In Venezuela’s fourth-most populous state, Lara, a landlocked state bordering Zulia, Henri Falcón (pictured above, bottom) is running for reelection in a race that could launch Falcón to national attention — although he won election in 2008 as a PSUV candidate, Falcón opposed Chávez’s 2009 constitutional referendum to eliminate term limits and in 2010 joined an independent (though pro-government) party, Patria Para Todos (PPT, Fatherland for All).  The PSUV’s candidate, Luis Reyes Reyes, served as Lara’s governor from 2000 to 2008, and later as the deputy leader of the National Assembly.  If Falcón pulls off a strong win on Sunday, he could wind up as a potential presidential candidate as well.  As in Zulia, both Falcón and Chávez have lavished public spending on the state.

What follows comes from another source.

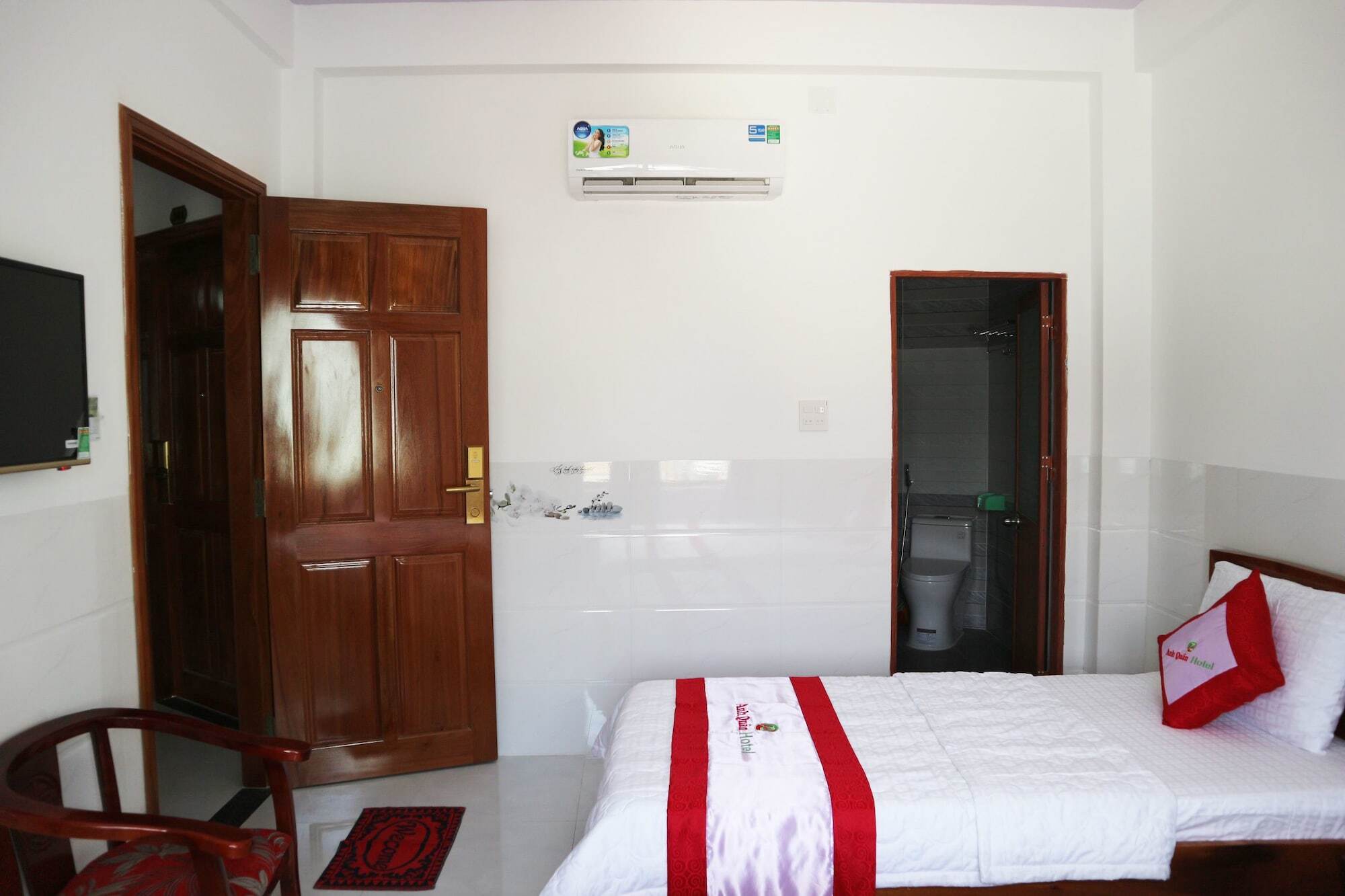 קוי נון Anh Quan Hotel מראה חיצוני תמונה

With 73% of the vote, Falcón won the largest percentage of any governor in the 2008 elections.  As in Zulia and Miranda, Capriles ran relatively stronger here than the rest of the country, winning 47.75% to Chávez’s 51.45%.

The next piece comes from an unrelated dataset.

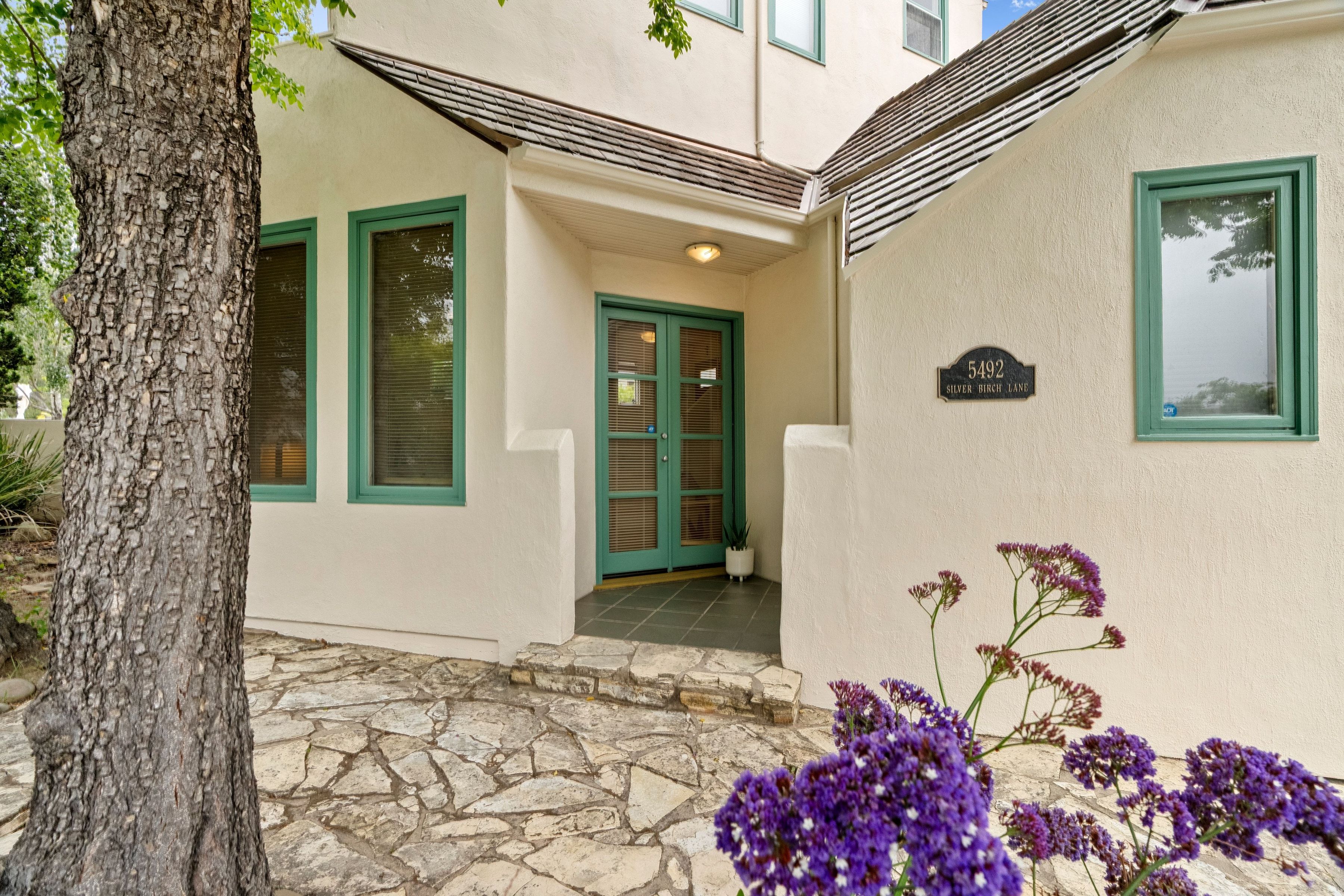  5492 Silver Birch Lane - 物件實景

In Aragua state, former finance minister Rafael Isea won election for the PSUV in 2008, but is stepping down as a fairly unpopular governor, and the opposition believes it can pick up the state on Sunday with homegrown regional legislator Richard Mardo, running against former interior minister Tareck El Aissami, who is not originally from Aragua.  The state is somewhat of a PSUV bastion and Chávez won 58.61% here to Capriles’s 40.77% back in October.

In the rural Bolívar state in Venezuela’s far southwest, the MUD hopes that former governor Andrés Velásquez (1989 to 1995) can defeat the current incumbent Francisco Rangel Gómez, who will compete with the candidate of the Partido Comunista de Venezuela (PCV, Communist Party of Venezuela), which typically supports Chávez and the PSUV.  That split on the left, coupled with Rangel Gómez’s mediocre record, might return Velásquez as governor.  Chávez won this state with 53.73% of the vote, making it relatively competitive in October’s election.

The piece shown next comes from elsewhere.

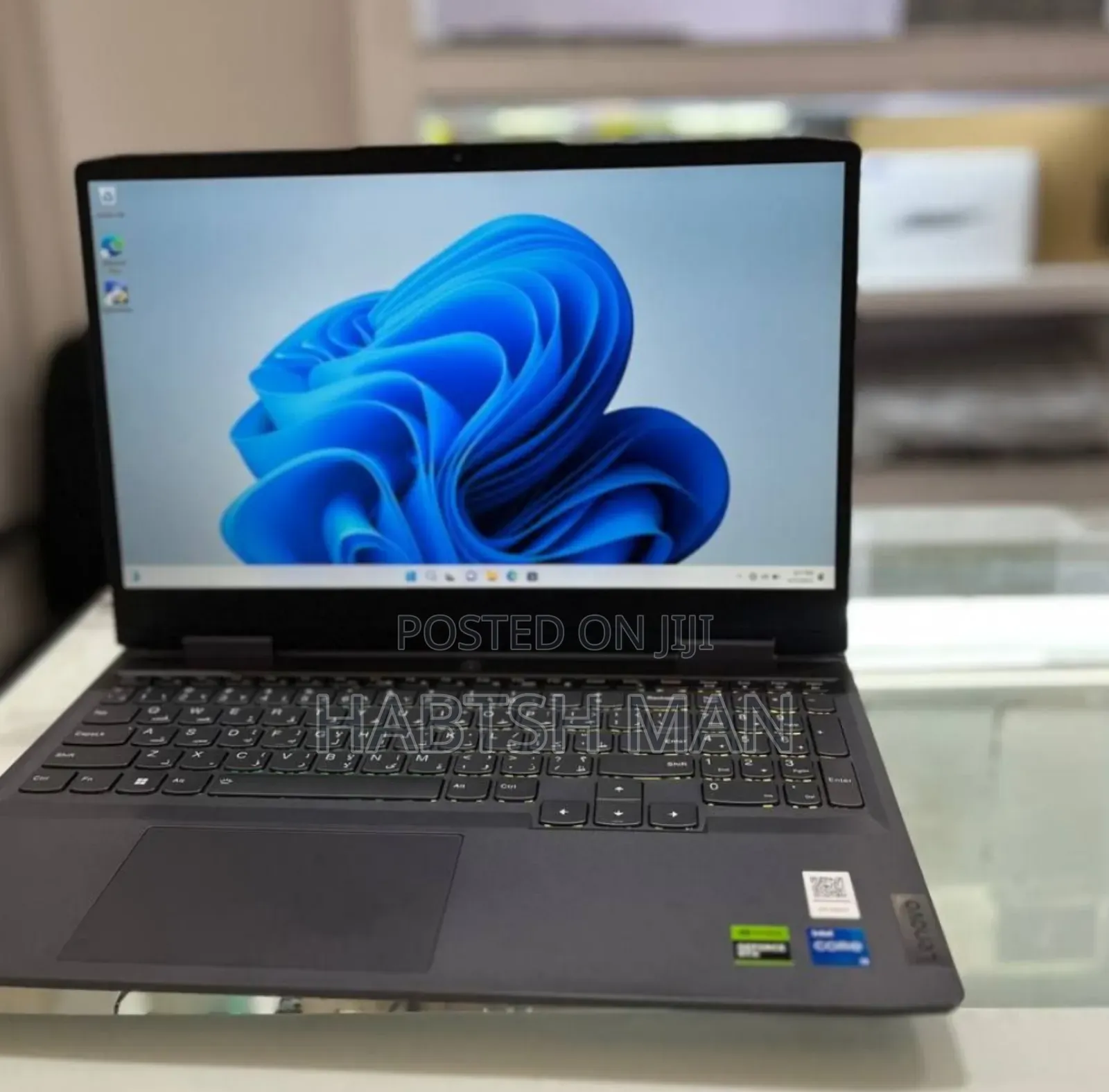 New Laptop Lenovo LOQ 15IRH8 16GB Intel Core i5 SSD 512GB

Likewise, in Anzoátegui, on the northwest coast, where Chávez won just 51.58% of the vote, PSUV incumbent Tarek William Saab is not running for reelection, and the MUD also hopes the state could be a pickup, where opposition deputy Antonio Barreto Sira is running against former Caracas mayoral candidate Aristóbulo Istúriz of the PSUV.

The Andean state of Táchira gave Capriles his best result in October, with 56.24% to just 43.29% for Chávez, but the MUD’s incumbent, César Pérez Vivas, who has been accused of corruption, is being challenged not only by the PSUV, but by another opposition candidate in former San Cristóbal mayor William Mendez.  The split between the opposition candidates’ support could allow former governor Ronald Blanco La Cruz to win, despite Táchira’s longstanding role as the heart of the opposition to Chávez.